The latest horror are the new plans in several areas for huge cow prisons, known as "zero-grazing farms." Already planning for one in Lincolnshire includes 16 sheds housing 500 cattle each, with 8000 cows working all day and all night, being milked three times a day and meant to produce 250,000 litres daily. With no access to grass, the cattle will be forced to feed through metal bars, kept standing in metal stalls, their calves taken from them after just a few days, and with the prospect of endless calving so they will produce more milk, still with no chance to care for the calves. Still want to drink cheap milk?
Or to eat duck? Viva has filmed major duck producers and claims duck sales have dropped by 2m since the media coverage of their investigations. Certainly an impact on takeup of chicken is at last to be spotted in some supermarkets as chickens stay on the shelves, though most cookery writers still take chicken as one of the main ingredients for their recipes without any mention of whether these were free-range chickens or had gone through the hell of the factory sheds. One or two celebrity chefs have certainly taken up the case for going back to natural farming, and have had some success, but in the cheap takeaways, burger bars and most supermarkets, the message is largely ignored.

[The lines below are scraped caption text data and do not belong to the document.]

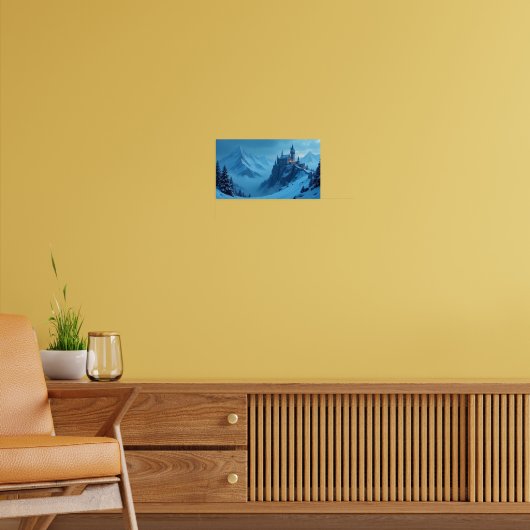 Winter Castle Mountain Fantasy Landscape Poster (Woonkamer 2)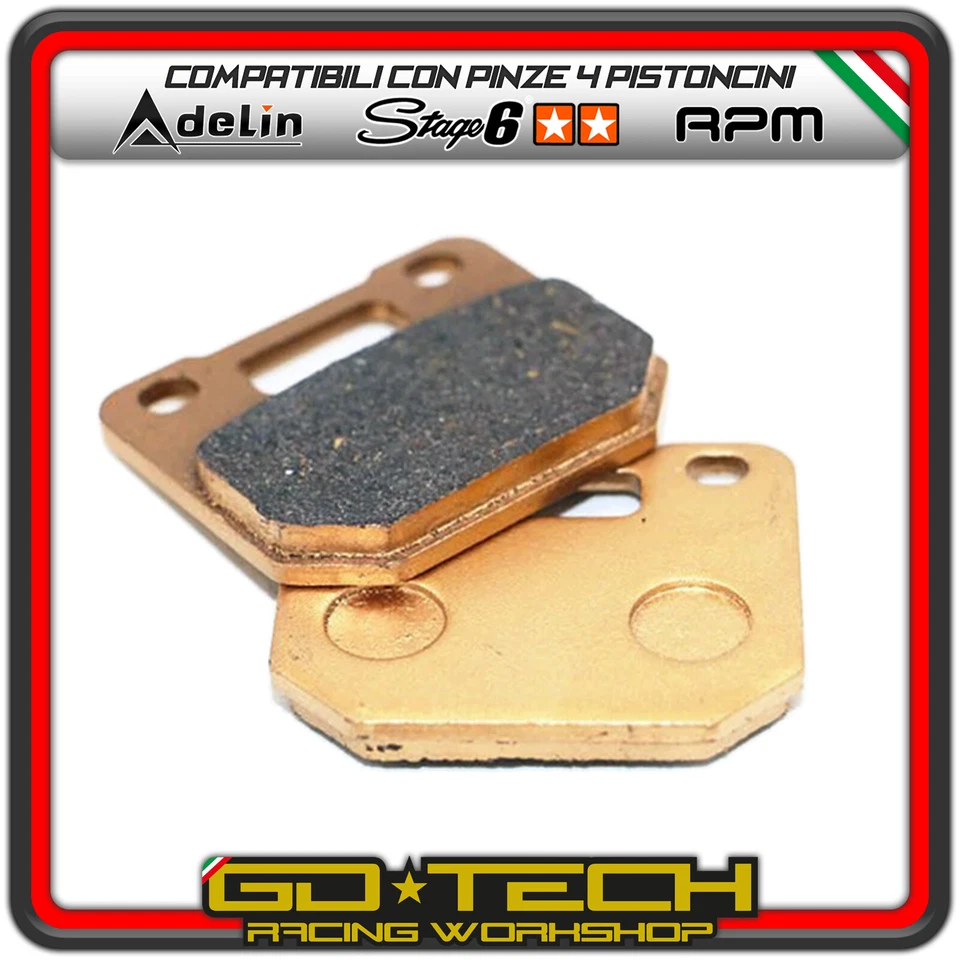 PASTIGLIE FRENO SINTERIZZATE PINZA RADIALE 4 PISTONCINI MOTO SCOOTER UNIVERSALI - Immagine 2 di 4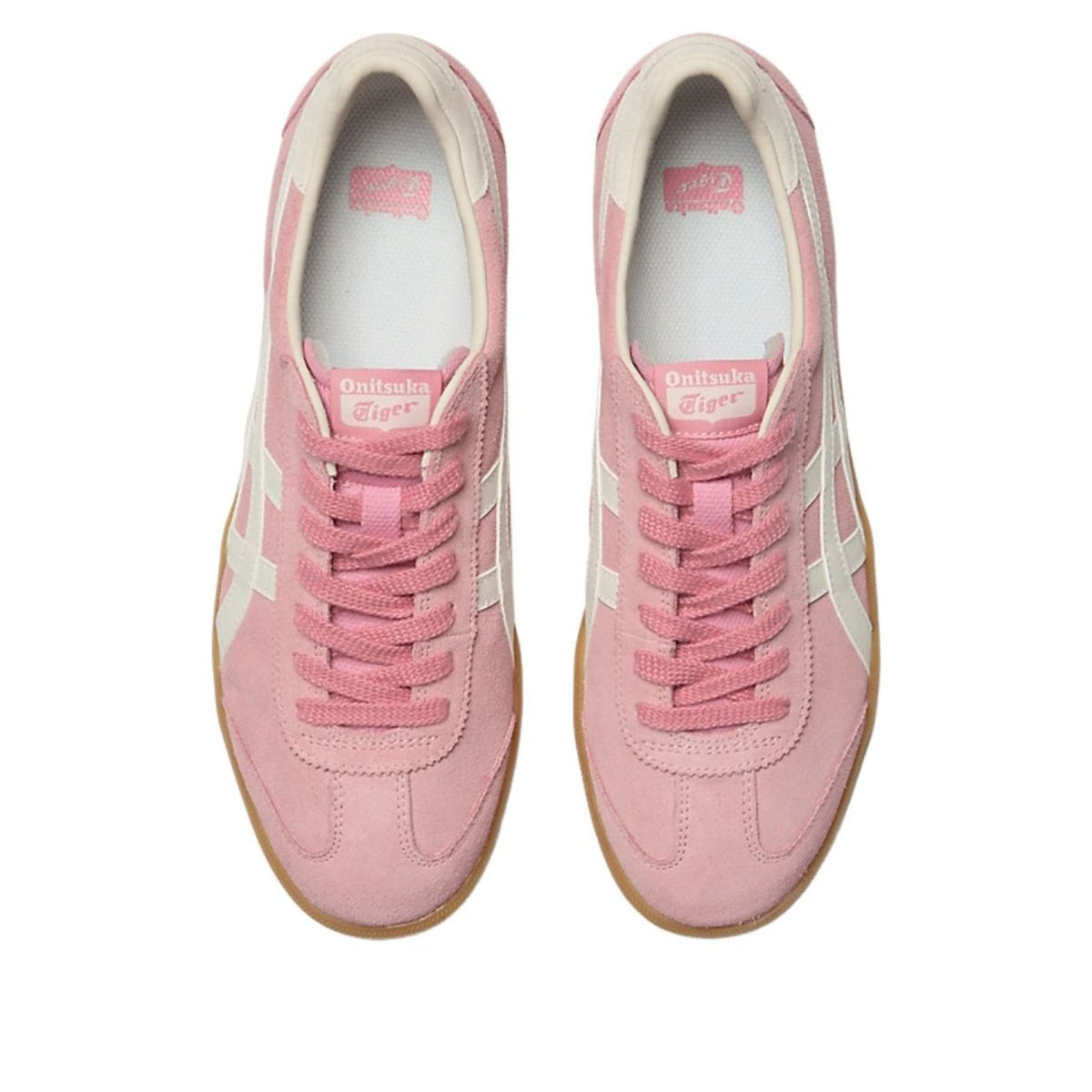 Onitsuka Tiger Tokuten Blossom Pink Off-White bovenaanzicht, roze suède met contrasterende veters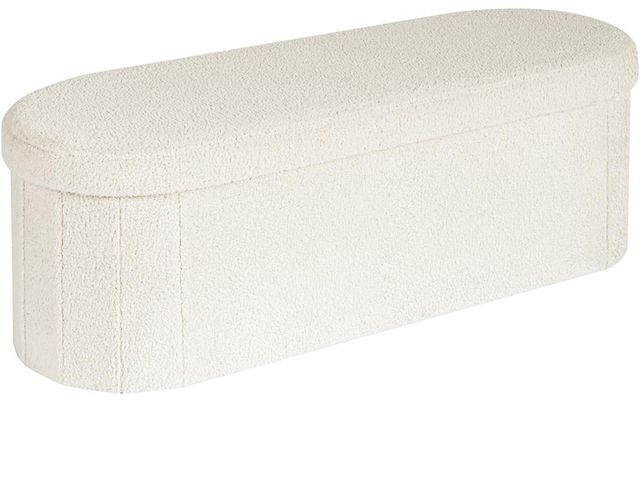 Lot 96-177081 - B FSOBEIIALEO Ottoman with Storage for Living Room, Sherpa Folding Storage Ottoman Foot Rest, 43.3 I...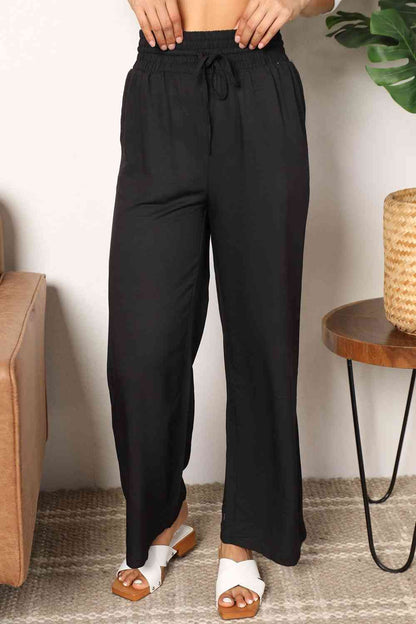 Women's Drawstring Waist Wide Leg Pants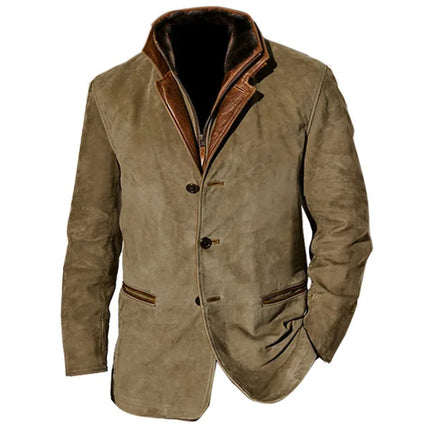 Retro Patchwork Lapel Jacket Men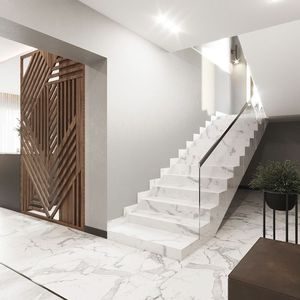 Escalera Recta <span class=keywords><strong>de</strong></span> Lujo <span class=keywords><strong>de</strong></span> Alta Gama con Diseño Moderno, Peldaños <span class=keywords><strong>de</strong></span> Mármol y Piedra <span class=keywords><strong>de</strong></span> Cuarzo <span class=keywords><strong>para</strong></span> el Hogar, Escalera <span class=keywords><strong>de</strong></span> Dos Pisos - Product Image 1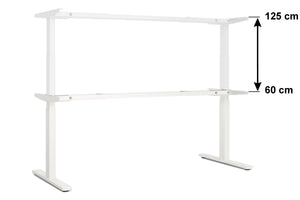 Bureau assis-debout électrique, gris/blanc, 180 x 90 cm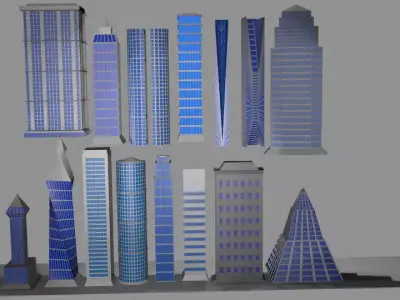 15 contents city package containing 15 towers cartoon Low-poly 3D model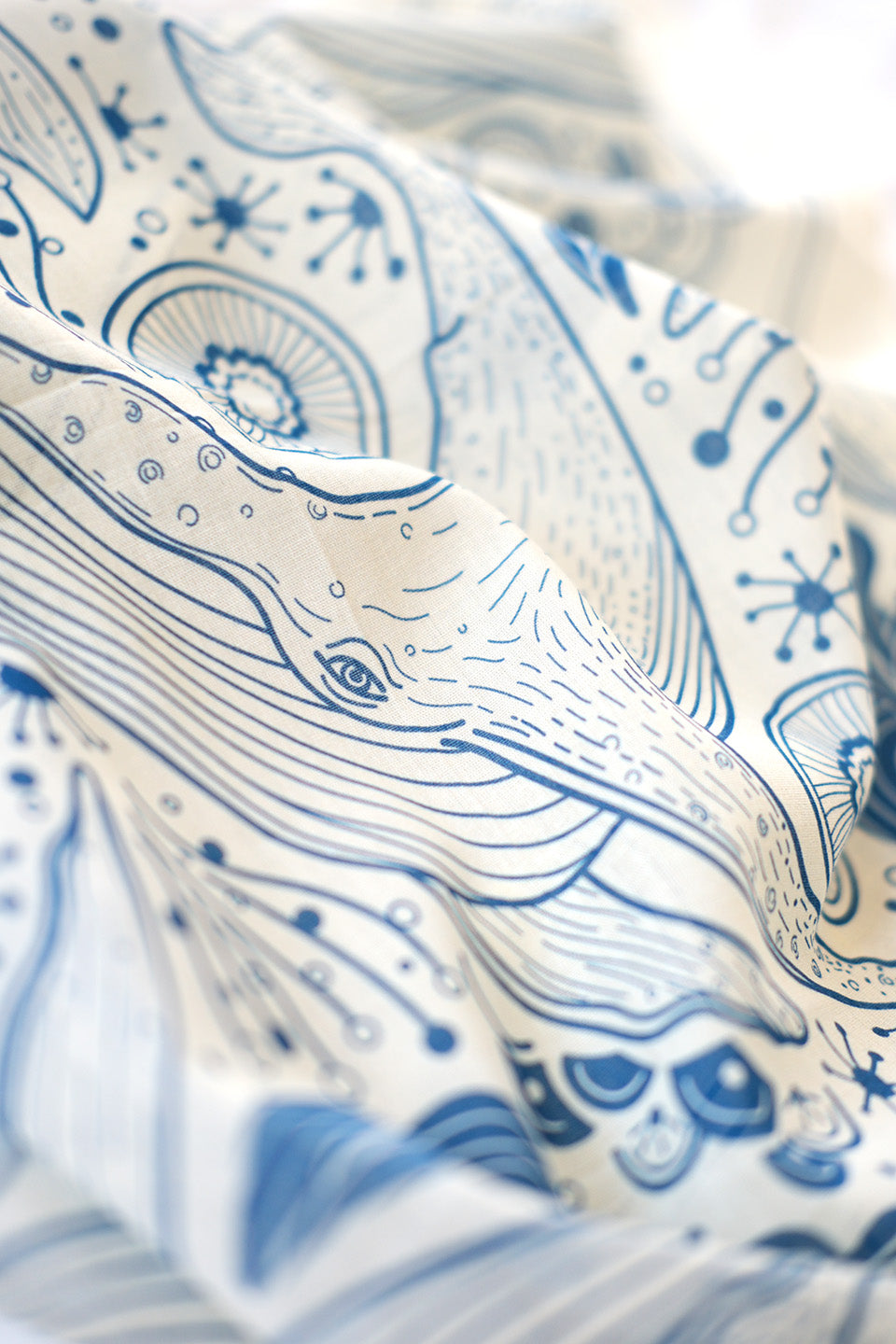 Whale, and the Ocean Bandana Scarf (Off-White)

Every year in the UK, Viva reported that most of the 19 million ducklings raised for meat each year spent their short lives imprisoned in "a filthy windowless shed with up to 10,000 others." They have to fight for every drop of water." They had filthy, matted feathers and caked eyes. Yet people ordering duck in a restaurant probably thought this a compassionate choice, picturing the duck bobbing along on a lake, living happily until it was killed for human food.
Yet the saddest pictures of all for many have been of the imprisoned mother pigs, with no straw, standing on slatted bars, unable to reach their babies These are intelligent and aware creatures with individual personalities, condemned to a life of uncomfortable imprisonment. Young pigs are bundled together by their thousands in large sheds.
Earlier this year, Viva investigators randomly visited three pig farms in the north-east. At one, worn-out sows were housed on bare concrete, the word "cull" crudely sprayed on their backs. They found dead and rotting pigs and decaying piglets uncollected outside units, sows with open sores imprisoned in metal farrowing crates, pigs in concrete pens with no bedding or environmental enrichment, even though this is now illegal. On one of the farms they found tiny piglets, huddled together, covered in flies, without their mother. One was so badly crippled that he dragged himself across the floor by his front legs. Two of the farms were signed up to the Farm Assured scheme, supposedly a guarantee of better welfare. The footage was passed on to the Government department, yet two of the farms were still given a clean bill of health.
How much longer are we going to let these concentration camps and the cruelties of thousands of miles of transporting animals go on? How will future generations view our indifference and greed? And we don't even need to eat meat, or to drink milk.